How does the port of embarkation affect the passenger’s chances of survival? The workflow for this question is similar to when we had to work with the gender category. Simply group_by the relevant categories and summarise the count of data.

passengers_clean %>%
  group_by(Embarked, Survived) %>%
  summarise(Count=n()) %>%
  ggplot(mapping=aes(x=Count, y=Embarked, fill=Survived)) +
  geom_col(position="fill")


Oops, seems like getting rid of NA values is not the same as getting rid of blank/empty string values. This is because an empty string is not equal to NA in R. No problem, let’s just filter those values out by adding a ! in front of the condition of the values we want to get rid of. Similar to - from before, this chooses all values but the ones that fulfill that condition.
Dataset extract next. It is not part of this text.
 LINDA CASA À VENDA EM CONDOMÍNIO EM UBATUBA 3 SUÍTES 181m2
An empty string can simply be represented by two quotation marks, like this: “”

passengers_clean %>%
  filter(!Embarked %in% "") %>%
  group_by(Embarked, Survived) %>%
  summarise(Count=n()) %>%
  ggplot(mapping=aes(x=Count, y=Embarked, fill=Survived)) +
  geom_col(position="fill")


From this chart we can see that passengers from Cherbourg have the highest survival rate, followed by Southampton, and finally Queenstown. Perhaps those with knowledge of the area can immediately deduce why passengers departing from Cherbourg have a higher chance of survival. However, since I live nowhere near those ports nor have sufficient geographical knowledge of the area, let’s try to deduce the reason by looking at the characteristics of the passengers from each port. For example, by their gender and class.

Let’s start by gender.

passengers_clean %>%
  filter(!Embarked %in% "") %>%
  group_by(Embarked, Sex) %>%
  summarise(Count=n()) %>%
  ggplot(mapping=aes(x=Count, y=Embarked, fill=Sex)) +
  geom_col(position="fill")


As we can see by the chart above, Cherbourg has the highest proportion of female passengers when compared to the other ports. This could explain why Cherbourg passengers have a higher survival chance, but Queenstown has the second largest proportion of female passengers even though it has the highest mortality rate. Perhaps we’re missing something?
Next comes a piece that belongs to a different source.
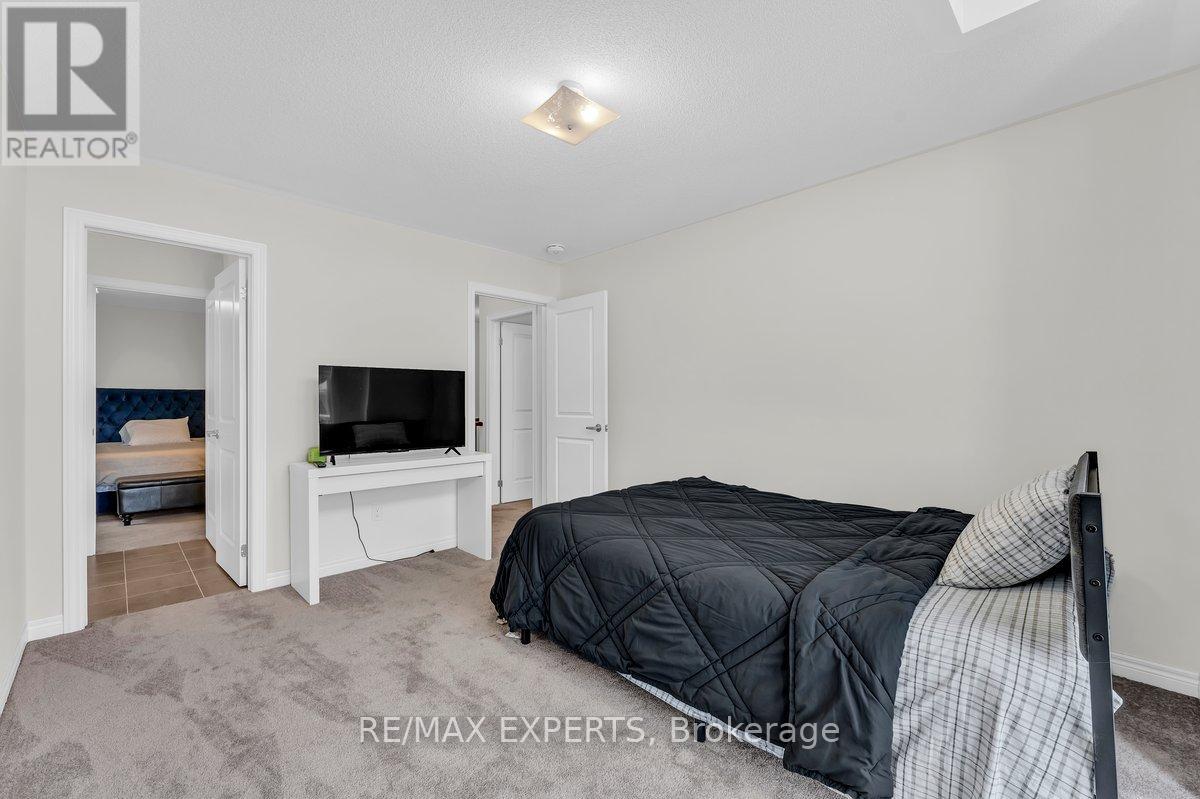 1438 DAVIS LOOP - 29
Now, let’s check by the passenger’s class.

passengers_clean %>%
  filter(!Embarked %in% "") %>%
  group_by(Embarked, Pclass) %>%
  summarise(Count=n()) %>%
  ggplot(mapping=aes(x=Count, y=Embarked, fill=Pclass)) +
  geom_col(position="fill")


Seems like class has a bigger effect on survival than gender in this regard, seeing how Cherbourg has the highest proportion of First Class passengers, followed by Southampton, and Queenstown being last; The same order as when we looked at the survival rate of passengers by port only. We can now conclude that the reason why Cherbourg has the highest survival rate was most likely due to the amount of First Class passengers which embarked from that port. In turn, we could also guess that perhaps the area around Cherbourg had more wealthy citizens than the other two ports.

Conclusion

From this analysis, we can conclude that there are a variety of factors that affected a passenger’s survival chances on board the Titanic, and some of those factors matter more than others. The biggest factor would seem to be the passenger’s cabin class, which tends to directly relate to their socioeconomic status. From this alone, we can see the importance of socioeconomic statuses in 1912, especially in the cruise industry.

Thankfully, the Titanic disaster caused many changes (for the better) in terms of maritime safety regulations. One of them being the mandate that every ship needs to carry enough lifeboats for all the passengers on board. In the event that a similar accident happens, hopefully no one will have to be left behind again.